If you have been following the tech world recently, you’ve likely heard the term “AI Agent” thrown around in every other conversation. We aren’t just talking about ChatGPT, Gemini etc. those are Large Language Models (LLMs), the engines that process text. We are talking about something bigger: systems that actually do things.

In this article, we are going to look at the “what” and “how” of AI agents. We will assume you know a little bit about programming (pseudocode logic) and have chatted with an LLM before. To make this concrete, we are going to look at the world through the eyes of a classic use case: The Customer Support System.


The Old Way: The Decision Tree

Customer support bots have been around for a long time. Traditionally, they were built using decision trees.

You can think of a decision tree quite literally as a tree with many branches.

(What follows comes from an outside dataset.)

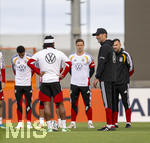 22.09.2026, Fussball DFB-Nationalmannschaft Deutschland, Trainingslager in Herzogenaurach, im Homeground bei ADIDAS, vor den UEFA Nations League Spielen, Bundestrainer Jürgen Klopp (Deutschland) hält eine Rede vor seinen Spielern 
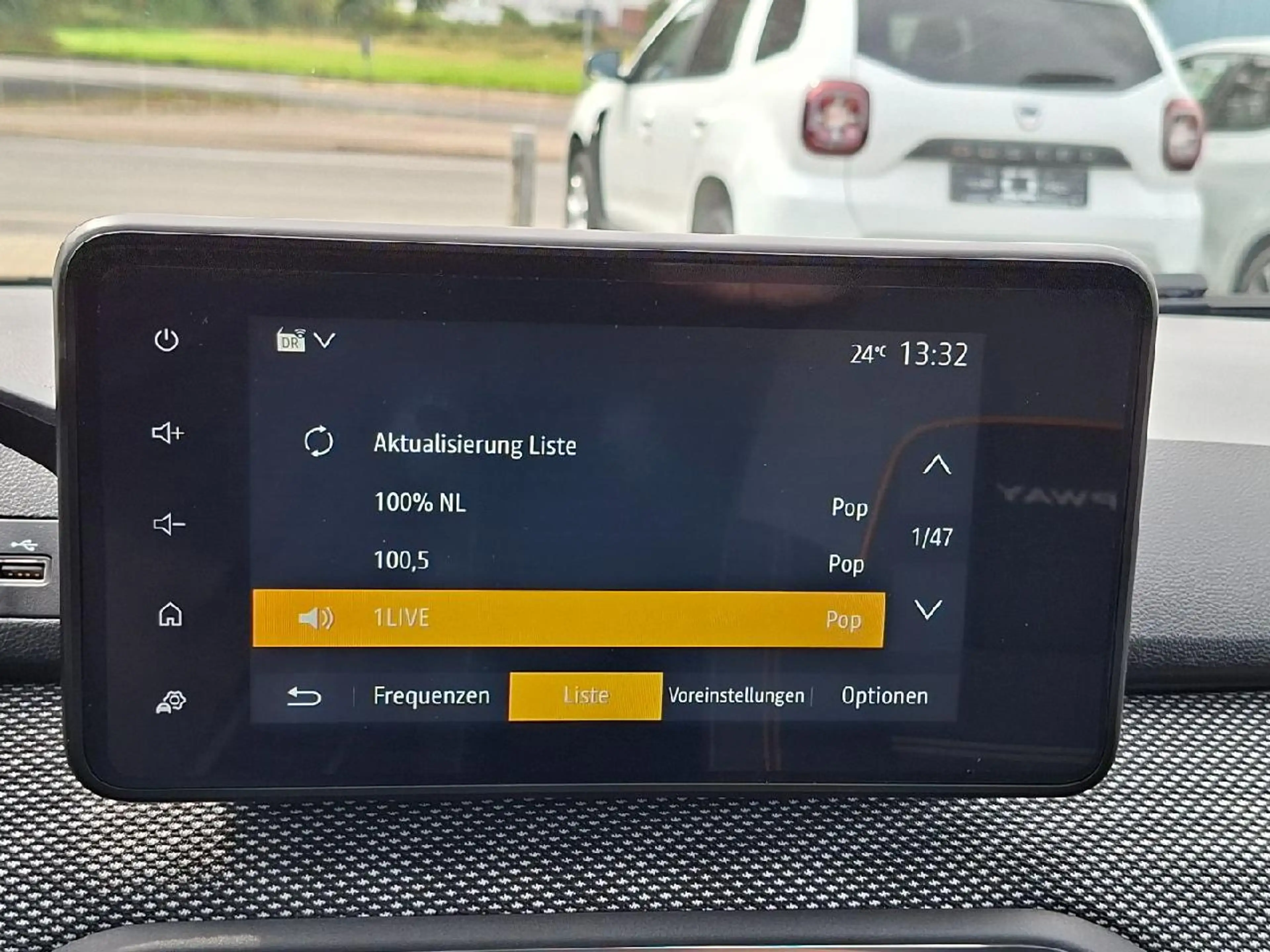 Dacia Sandero Stepway Comfort*1.Hd*AppleCar*DAB*LED*Navi*Klima — photo 12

Each branch represents a specific question or direction the system can take. The user’s journey starts at the trunk and follows a path of “If/Else” statements until they reach a “leaf”, the final answer.

Example: The “Old School” Support Bot

Imagine a simple support bot for an online shoe store. Its code might look something like this:

IF user_input CONTAINS "return":
    Ask: "Do you have your order number?"
    IF user_input is "Yes":
        Ask: "Please type it in."
        [System checks database]
    ELSE:
        Print: "Please find your order number and come back."

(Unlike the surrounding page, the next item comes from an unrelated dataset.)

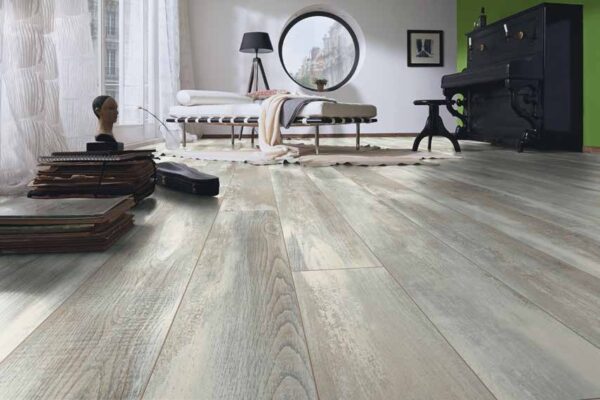 Stylish Hella Oak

ELSE IF user_input CONTAINS "shipping":
    Print: "Shipping takes 3-5 business days."

ELSE:
    Print: "Sorry, I didn't understand. Please say 'return' or 'shipping'."

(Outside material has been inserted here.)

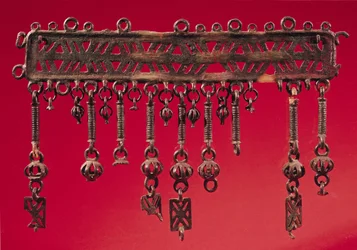 Parure with bell pendants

This works fine if the customer follows the script perfectly. But what happens if the product grows? What if you start selling socks, laces, and gift cards? The tree grows. You add more branches, more IF statements, and more complexity.

The Problem: It Doesn’t Scale

In engineering terms, decision trees don’t scale well. You simply cannot write a rule for every possible question a human might ask.

The Scenario: Imagine a frustrated customer types: “I bought these sneakers for my nephew but they are too tight, and also I think the delivery guy dropped them in a puddle so the box is soaked. Can I get a refund?”

The old system looks for keywords. It sees “refund” (maybe mapped to “return”) but it has no logic for “soaked box” or “too tight.” It likely replies: “Sorry, I didn’t understand. Please say ‘return’ or ‘shipping’.”

The customer leaves frustrated. The bot failed because it couldn’t reason; it could only follow a map.


Enter the AI Agent

Now, imagine an automation that isn’t restricted to a map. Imagine a system that can:

  • Understand the customer’s intent (even if they tell a long story about a puddle).
  • Decide which tools to use (check order status, read the refund policy, or escalate to a human).
  • Act on those decisions (process the refund or send an apology email).
  • Remember the context (knowing that “it” refers to the sneakers mentioned three messages ago).
  • Learn from previous interactions.

That is an Agent.

Simply put, AI agents are autonomous systems that achieve their goals by perceiving their environment, reasoning about it, and taking actions.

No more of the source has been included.